What a fucked-up week. Monday was horrible, Tuesday went well, Wednesday was miserable, and today I had a great time.
Strangely, the students were incorrigible and terrible but I took it in stride, handled my business, and had fun. The student who had a knife on Monday flipped her lid today, splashing fingernail polish on her classmates, scrawling "Fuck this school" on her desk in red enamel, ripping her folder of classwork into tiny shreds and flinging this confetti into the air. I approached her during this outburst, asked her to stop, then asked if I could help her, and when I got no response I asked Lukie if I should call the school police. She approached the student, had a brief interaction, and then called the office to ask for assistance in escorting the student out. By this time the student had left the classroom and taken her act into the hallway. Her mother was in the hall while this transpired, and rumor has it she has been removed from the school for her behavior.
This precipitated a blow-up in the classroom, which I handled by erupting myself. "I left a job teaching college for THIS?" I screamed. "You're crazy!" a smart-alec replied, and I went off on a drill sargeant lecture. I don't know where it came from. "Maybe I am crazy! Or maybe YOU ARE. Most of you are failing this class, and most of you are going to repeat 8th grade or go to high school and drop out next year. Why? Because you don't give a damn. If you decide to act like children, I will be more than happy to treat you like children, but my hope is you will act like adults because I'd really like to treat you the same way I treated my students in college.
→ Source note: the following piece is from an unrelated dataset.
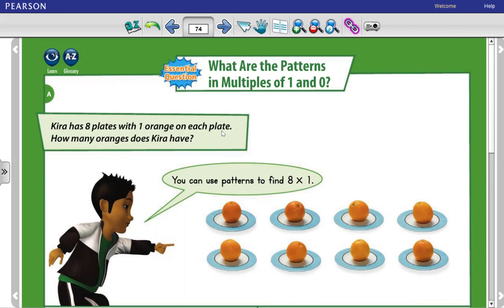She has 8 plates. You can use patterns to find 8 times 1. She has 8 plates and 1 orange on each plate, which means 8 groups of 1.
I know how smart you are and what you can do when you give a damn. This behavior STOPS NOW or you will dread having to deal with me for the rest of this year." I learned this shaming technique from Lukie, who is able to do it without shouting. She can turn a classroom of tough teens into guilty self-reflective young adults with only a disappointed look and a speech about what she does for them every day.
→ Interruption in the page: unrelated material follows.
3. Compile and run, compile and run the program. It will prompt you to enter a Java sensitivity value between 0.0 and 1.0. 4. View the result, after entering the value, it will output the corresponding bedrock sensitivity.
There was silence after I finished my rant. Kids were looking down sheepishly. Right in front of me a young man started goofing off to test me and I kicked the base of his chair and got right in his face. "I AM NOT PLAYING" I hissed, hands splayed on his desk. He apologized, and said "My bad." "I know it's your bad," I said, and after glaring at every student in the room continued my lesson without further ado.
I hate having to do this. I hate teacher tone. I admire kids who rebel and misbehave. I used to be one of those, and was regarded as a trouble-maker; this reputation kept me from getting into GT classes. But I've reached the point where I know my laid-back, buddy persona is a fucking joke. I'm The Man when I need to be from here on out.*
The second class tried to play games too, and I was having none of it. I lectured them as soon as the whining started: "I don't care who likes whom, or who has candy, or if you would rather be riding your dirt bike around Dru Hill Park. I care about idioms and characterization, and all your drama is stopping us from getting the work done. The work is why we are all here. The chit-chat stops now!" There was grumbling, eye-rolling, and a bit of surprise at my outburst, but they did their work.
Then I had to walk two miles to fetch my car from the tire shop. I'd already walked three-quarters of a mile to work today. Fortunately it was a nice day, and only a couple people gave me shit outside the projects at North Ave.
*That said, I know the kids are going to challenge me again and again to make sure I'm serious, and that I'll have to modify my tone and approach continuously. They have years of experience at driving teachers batty; I am still new at behavior management.